International Gerontology students to connect with local seniors for lesson on healthy aging

A group of international students from Niagara College’s Gerontology graduate certificate program will soon learn about healthy aging in Canada firsthand – from a group of community seniors.

A Healthy Aging Café, to be held at the College’s Welland Campus on October 18, aims to bring students and seniors together. Held as part of a Healthy Aging in the Community course, 40 students in a class of international students will be participating, crossing cultures and generations to connect with local seniors.  

Each older adult will be paired with a group of students. For the first half hour, the groups will share their experiences of aging in Canada. Students will prepare questions in advance to ask the seniors, and seniors will give students a snapshot of their lives. By the end of the experience, each student should have an opportunity to speak to at least two older adults. The group work will be followed by a potluck prepared by the students.

Lorrie Hudd, professor in the School of Nursing and Personal Support Worker programs, noted that the event has been held each term since the program began in 2015 and is a wonderful opportunity for cross-cultural and inter-generational learning and engagement.

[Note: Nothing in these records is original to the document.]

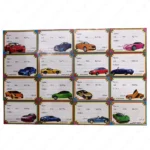 School Notebook Labels – 16 Self-Adhesive Stickers for Books & Stationery | Writable Name Labels for Kids, Students, School Use, Multicolour Designs - Image 10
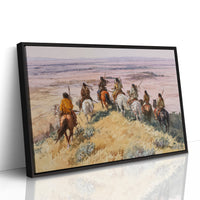 Riders Follow Ancient Prairie Winds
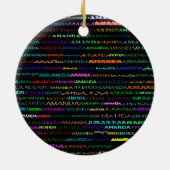 Amanda Text Design I Ornament (Achterkant)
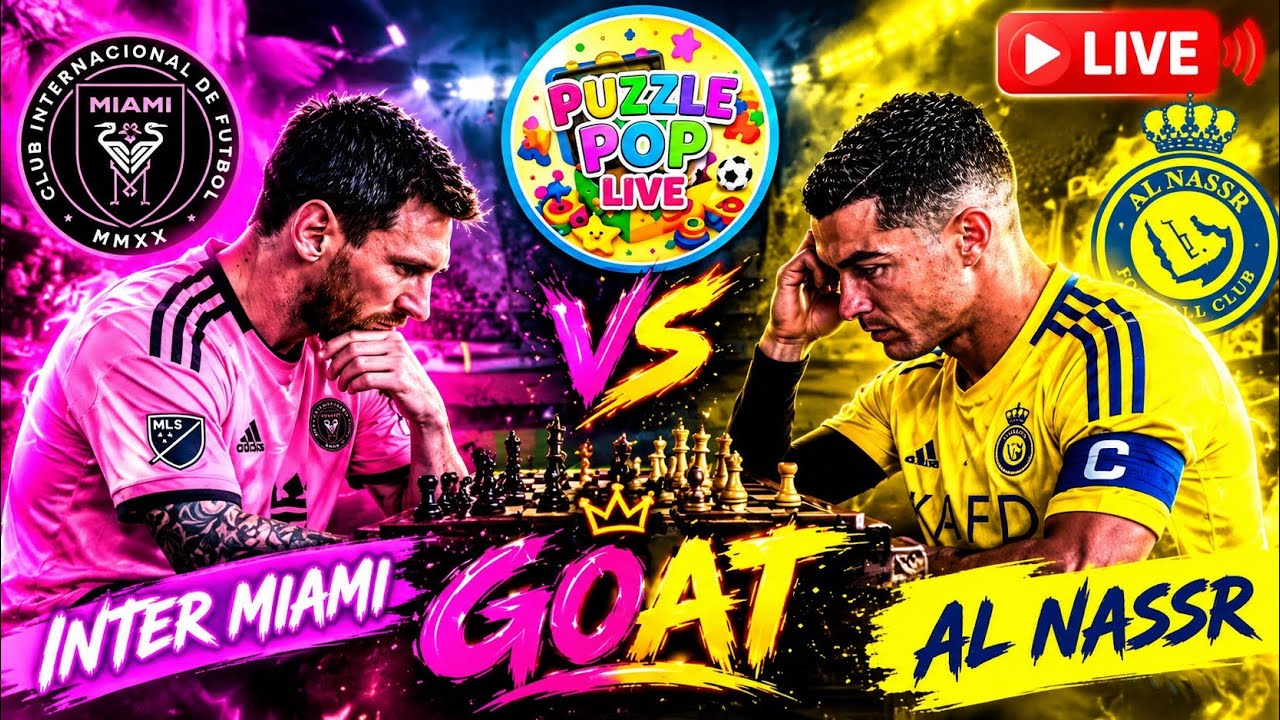 🔴 LIVE! GOAT Score Battle 🐐⚽ Messi vs Ronaldo | Epic Ball Drop Showdown ...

“The café is one of the many experiential learning opportunities within the Healthy Aging in the Community course, in which our international students are introduced to the concepts of health promotion for older adults and healthy aging within Canadian communities,” said Hudd. “The goal for students is to learn about how older adults stay healthy, live independently and age gracefully in Canada.”

St. Catharines resident Marcella Peshko has been participating in the initiative for the past three years. She embraces the opportunity to advocate for the elderly population of Niagara and beyond. She feels it is valuable to share the perspective of an aging person in Canada with the students, to give them insight into her physical, emotional and mental well-being, and express how she would like to be treated as an older individual.

“I am able to share with them how an elderly person should be cared for. The discussions we have give me hope that elderly people will be treated with dignity and respect,” she said. “It is beneficial to me, as a senior, because it gives me an opportunity to share my experience with the next generation. It also gives me a social opportunity to engage with the students. It makes me feel young and included in a project that can help many.” 

The event is one of several experiential learning activities in the course. The class will also visit the YMCA, participate in a hands-on physical literacy workshop for older adults, and have an opportunity to listen to a guest speaker – an older adult living with chronic illness from the community. Following the activities, students will have an opportunity to reflect on their experiences and the insights they have gained from them, as part of a class assignment.

This year’s Healthy Aging Café will also include participants from the Third Age Learning Niagara (TALN). TALN is a not-for-profit organization offering unique opportunities for older adults in Niagara to learn about topics of interest, in a socially engaging, small group setting.

In early 2019, Niagara College became the first college in Canada to be designated as a member of the Age-Friendly University (AFU) Global Network, which is dedicated to the role higher education can play in responding to challenges and opportunities associated with an aging population.